#### Exercise aim:
With the pictures left out, restate exactly the part below that opens with the line containing "Everlane Italian Leather Day Glove Flats" and closes with the line containing "دو تن از گروگان های آزاد شده".
Material provided START
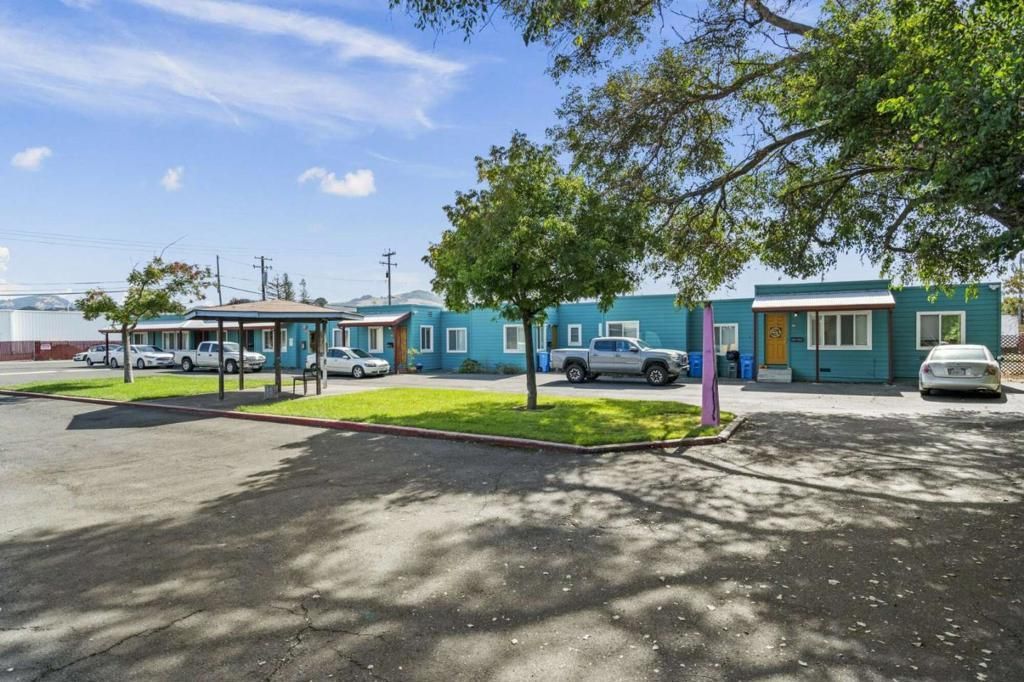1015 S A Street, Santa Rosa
Material provided END
Material provided START
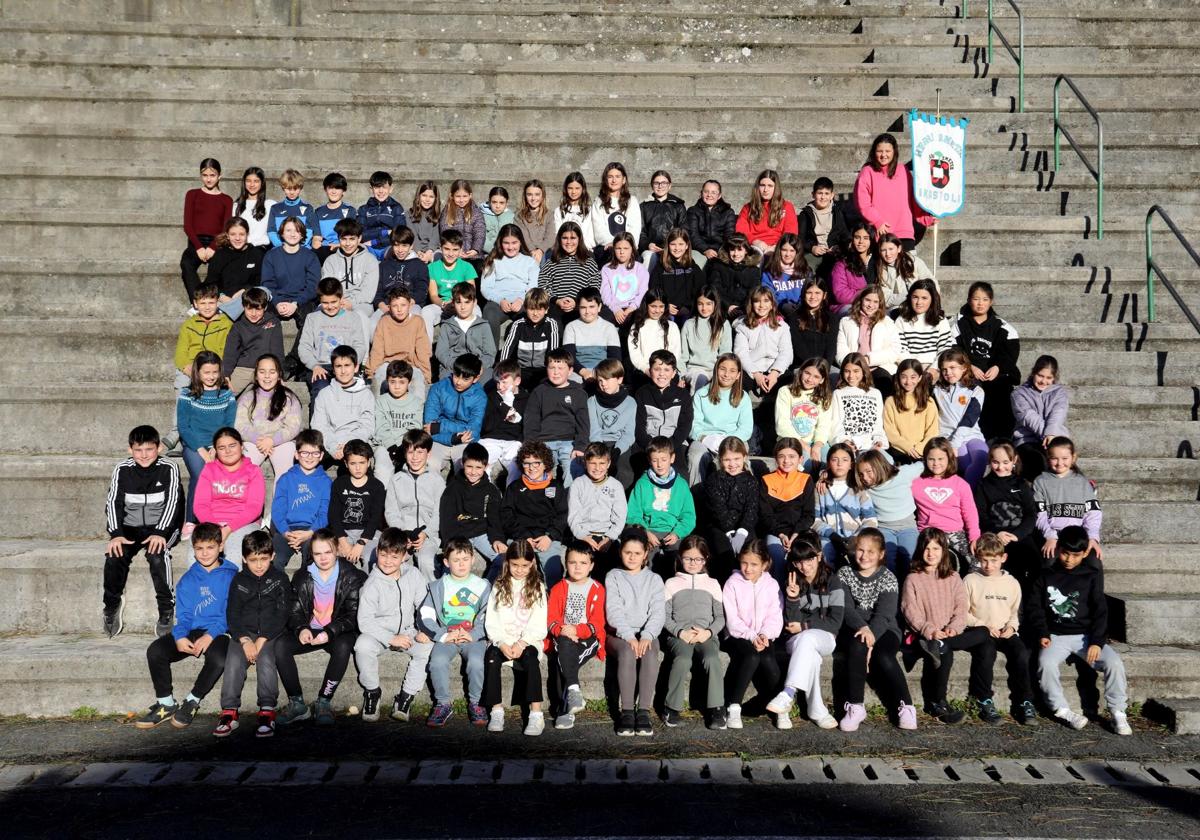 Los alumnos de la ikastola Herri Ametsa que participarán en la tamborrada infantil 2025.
Material provided END
Material provided START
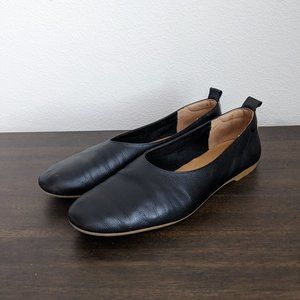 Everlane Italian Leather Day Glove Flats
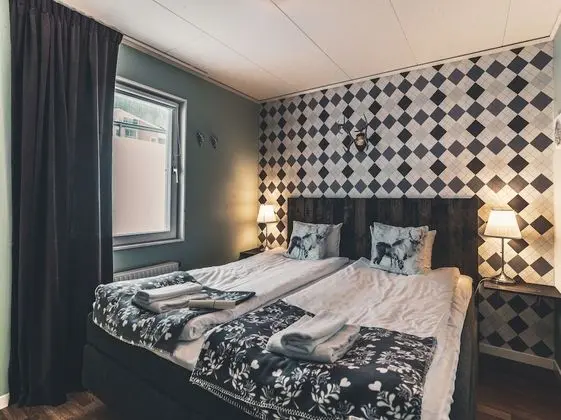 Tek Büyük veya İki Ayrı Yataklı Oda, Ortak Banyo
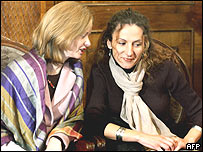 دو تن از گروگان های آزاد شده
Material provided END
#### Solution to this exercise:
 Everlane Italian Leather Day Glove Flats
 Tek Büyük veya İki Ayrı Yataklı Oda, Ortak Banyo
 دو تن از گروگان های آزاد شده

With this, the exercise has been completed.